与 inference 的区别在于，输入 embedding 不是上一轮的输出，而是 ground truth（相当于避免上一轮的结果影响这一轮的预测）。可以一次性计算 loss，只需要在 masked attention 中对每个位置加上不同的 mask 即可。

Comprehension

以下内容来自对文章以及：Attention in transformers, visually explained 的个人理解，如有错误，敬请指正。

在 encoder 中，输入 token 之间在做 self-attention，其本质是修改 token 的初始 embedding（n token 输入，n value 输出，刚好一一对应），使其具有上下文信息。
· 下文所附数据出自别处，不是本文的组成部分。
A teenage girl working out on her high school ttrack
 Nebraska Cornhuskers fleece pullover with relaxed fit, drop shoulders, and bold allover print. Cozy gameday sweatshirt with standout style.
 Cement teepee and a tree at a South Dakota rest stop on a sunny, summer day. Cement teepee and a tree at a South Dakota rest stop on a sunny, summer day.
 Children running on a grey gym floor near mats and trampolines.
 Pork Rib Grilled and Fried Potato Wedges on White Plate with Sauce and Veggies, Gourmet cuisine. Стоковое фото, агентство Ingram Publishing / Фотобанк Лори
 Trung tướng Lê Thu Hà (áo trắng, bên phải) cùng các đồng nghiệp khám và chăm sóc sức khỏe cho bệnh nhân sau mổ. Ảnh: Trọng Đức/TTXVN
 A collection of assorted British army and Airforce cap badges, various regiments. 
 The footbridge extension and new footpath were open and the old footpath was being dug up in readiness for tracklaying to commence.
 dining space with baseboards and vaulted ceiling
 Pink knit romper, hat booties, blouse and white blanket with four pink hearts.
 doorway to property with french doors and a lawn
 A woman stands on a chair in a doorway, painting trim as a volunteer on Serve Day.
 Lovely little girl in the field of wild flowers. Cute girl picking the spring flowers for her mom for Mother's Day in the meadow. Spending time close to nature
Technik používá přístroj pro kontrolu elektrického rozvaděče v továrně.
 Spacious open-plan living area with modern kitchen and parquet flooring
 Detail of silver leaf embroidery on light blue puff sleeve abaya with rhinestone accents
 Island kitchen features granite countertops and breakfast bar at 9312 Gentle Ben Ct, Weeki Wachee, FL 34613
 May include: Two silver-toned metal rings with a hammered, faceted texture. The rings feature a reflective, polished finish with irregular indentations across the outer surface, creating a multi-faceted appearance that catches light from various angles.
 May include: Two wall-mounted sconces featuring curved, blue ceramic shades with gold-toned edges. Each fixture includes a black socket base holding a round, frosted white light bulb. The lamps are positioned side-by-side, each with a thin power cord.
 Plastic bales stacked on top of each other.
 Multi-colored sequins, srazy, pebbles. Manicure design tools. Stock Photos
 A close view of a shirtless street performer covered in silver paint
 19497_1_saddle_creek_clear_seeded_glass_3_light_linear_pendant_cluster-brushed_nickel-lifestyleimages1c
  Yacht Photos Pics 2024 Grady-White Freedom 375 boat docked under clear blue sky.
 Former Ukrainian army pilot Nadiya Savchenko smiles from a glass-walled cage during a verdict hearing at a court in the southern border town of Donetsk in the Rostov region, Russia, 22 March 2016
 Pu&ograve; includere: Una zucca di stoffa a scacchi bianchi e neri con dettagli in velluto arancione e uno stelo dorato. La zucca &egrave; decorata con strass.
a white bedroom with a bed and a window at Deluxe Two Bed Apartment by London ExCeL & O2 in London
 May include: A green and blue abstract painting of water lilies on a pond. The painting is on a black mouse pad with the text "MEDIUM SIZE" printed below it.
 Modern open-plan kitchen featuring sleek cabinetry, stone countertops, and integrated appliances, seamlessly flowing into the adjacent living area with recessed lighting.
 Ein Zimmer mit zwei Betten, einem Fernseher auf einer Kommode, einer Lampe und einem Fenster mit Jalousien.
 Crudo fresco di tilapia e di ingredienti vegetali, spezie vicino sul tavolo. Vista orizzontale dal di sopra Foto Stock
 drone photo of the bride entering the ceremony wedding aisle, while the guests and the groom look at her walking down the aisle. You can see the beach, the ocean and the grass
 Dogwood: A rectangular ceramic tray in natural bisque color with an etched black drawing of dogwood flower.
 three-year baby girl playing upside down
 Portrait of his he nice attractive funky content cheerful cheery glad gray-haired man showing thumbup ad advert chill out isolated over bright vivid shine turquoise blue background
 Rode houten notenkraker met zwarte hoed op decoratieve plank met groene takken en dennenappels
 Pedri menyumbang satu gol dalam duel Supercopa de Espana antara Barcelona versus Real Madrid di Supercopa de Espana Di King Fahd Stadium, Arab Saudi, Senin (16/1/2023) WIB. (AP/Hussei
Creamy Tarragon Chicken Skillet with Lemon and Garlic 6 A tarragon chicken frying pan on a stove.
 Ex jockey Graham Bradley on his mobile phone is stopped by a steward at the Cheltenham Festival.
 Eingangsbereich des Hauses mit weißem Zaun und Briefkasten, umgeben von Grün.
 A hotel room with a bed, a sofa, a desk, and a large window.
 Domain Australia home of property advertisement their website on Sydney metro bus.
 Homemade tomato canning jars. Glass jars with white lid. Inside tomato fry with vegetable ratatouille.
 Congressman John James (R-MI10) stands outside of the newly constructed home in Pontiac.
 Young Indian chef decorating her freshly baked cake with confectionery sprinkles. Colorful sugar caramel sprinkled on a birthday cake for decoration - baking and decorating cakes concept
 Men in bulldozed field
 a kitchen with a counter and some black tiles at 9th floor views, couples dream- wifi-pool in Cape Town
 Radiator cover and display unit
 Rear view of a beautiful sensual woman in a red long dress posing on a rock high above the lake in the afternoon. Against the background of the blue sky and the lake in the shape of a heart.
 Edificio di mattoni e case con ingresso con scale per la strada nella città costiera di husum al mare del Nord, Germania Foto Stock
例如，“Miniature Eiffel” 与 “Great Eiffel” 中的 “Eiffel”，其初始 embedding 完全一样，而每经过一轮 self-attention，这两个 “Eiffel” 的 embedding 会被更新到不同的方向上。那么，对于同一序列中的 token 呢？例如，对于“Happy is a Happy dog” 中的两个 “Happy”，他们进行 attention 操作的结果应该完全相同，更新的结果也应该相同。别忘了 Positinal Encoding，这两个 Happy 的初始 embedding 已经包含了位置信息，所以并不一致。
multi-head attention 中投影矩阵的实际含义：例如 “Eiffel” 的 embedding，作为一个名词，其投影得到的 query 将会与形容词、量词投影得到的 key 产生更大的内积，从而在对 value 加权求和时，形容词、量词对应 value 的权重更高，对 “Eiffel” 的影响越大。而形容词、量词投影得到的 value 则表示了其对于改变其他 embedding 语义的能力。
transformer decoder 的两个 attention 模块分别用于抽取在结果序列中的信息，以及融合输入序列的信息来指导 next token 的生成。